I say with as much respect as I can in the circumstances that the idea that our Government and this Parliament will pass legislation that allows perpetrators of violence who have evaded justice to retire in dignity is a disgrace, and retire they will. This Parliament has considered on-the-runs legislation in which our Government, at a request from the republicans, were going to pass measures saying that those who were on the run and evading justice could come home and get away scot-free. It was going to be passed by the Labour Government until Sinn Féin realised that it would apply to soldiers, too, and pulled its support.

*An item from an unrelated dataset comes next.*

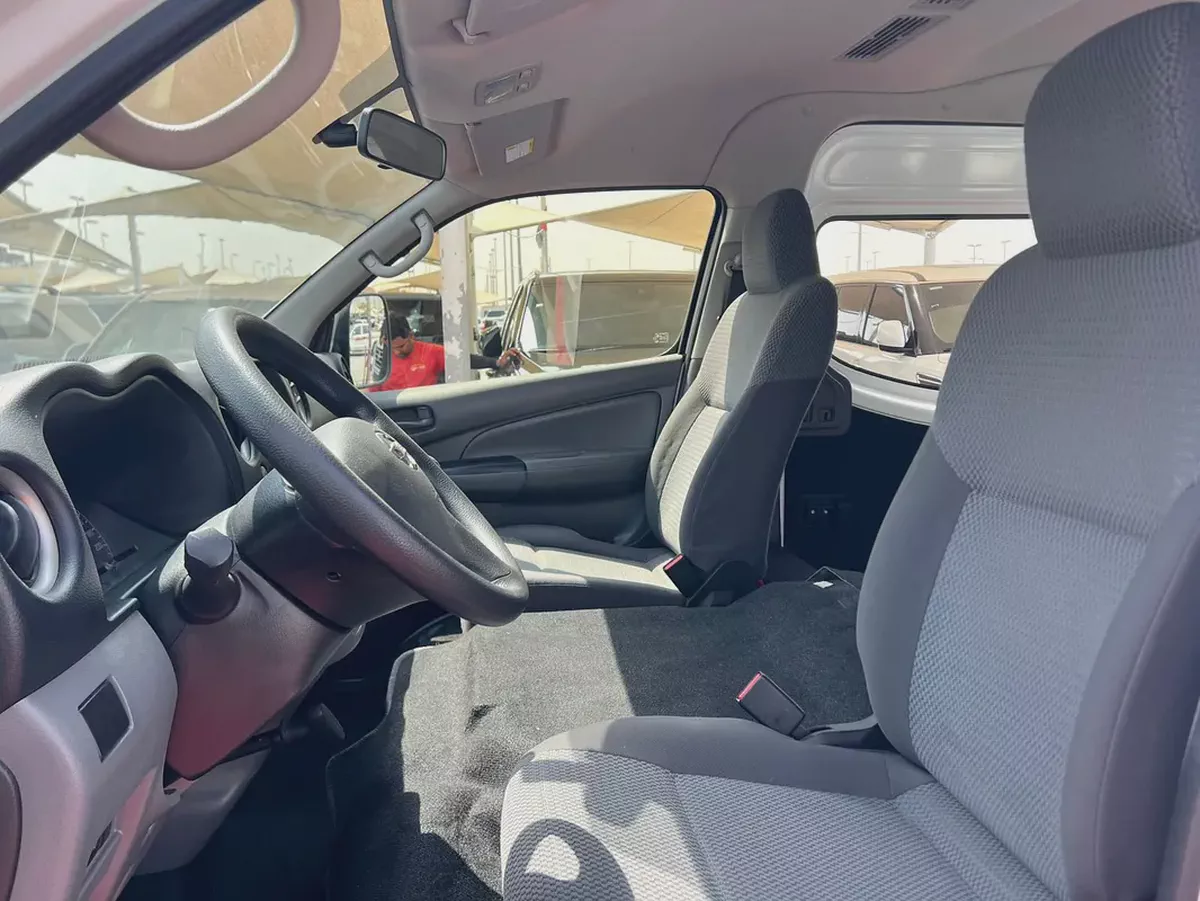 2020 Nissan Urvan, NV350 | 13 Seaters Manual | GCC | Ref#1011-8-8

After the on-the-runs legislation, we had the letters of comfort. I am glad the Secretary of State ruled out the application of letters of comfort today, but John Downey walked free from court as a result of letters of comfort. They were not issued by the Conservative Government; they just came to light after 2010. John Downey is responsible for the Hyde Park bombing that killed 11 service personnel and seven horses working alongside them. When he stood in the Old Bailey, he produced a letter that said, “You’re not currently or actively sought for investigation.” This Parliament has a history of bidding for the wrong people in my view. Our view will always be based on those who have suffered the most in Northern Ireland.

I am sure that the Government have got the impression that we will not be with them on Second Reading of the Bill, but the issues are far too important for us to say that we cannot have any part of it and therefore not engage. I want the Government to hear us loudly and clearly that we will be tabling amendments, and we will seek as much cross-party and cross-community support for those amendments as possible. I hope that if we do that in the spirit of good will and co-operation, the Government will engage in these thoughtful considerations about sentencing and time served, because getting a conviction, being out on licence and having all the freedoms that people enjoy while their victims do not is simply not sufficient. We need to rule out the ability of people who have actively evaded justice, and who the Government have sought through extradition proceedings, to come home and retire with dignity. I hope that we will get a willing ear, Mr Deputy Speaker.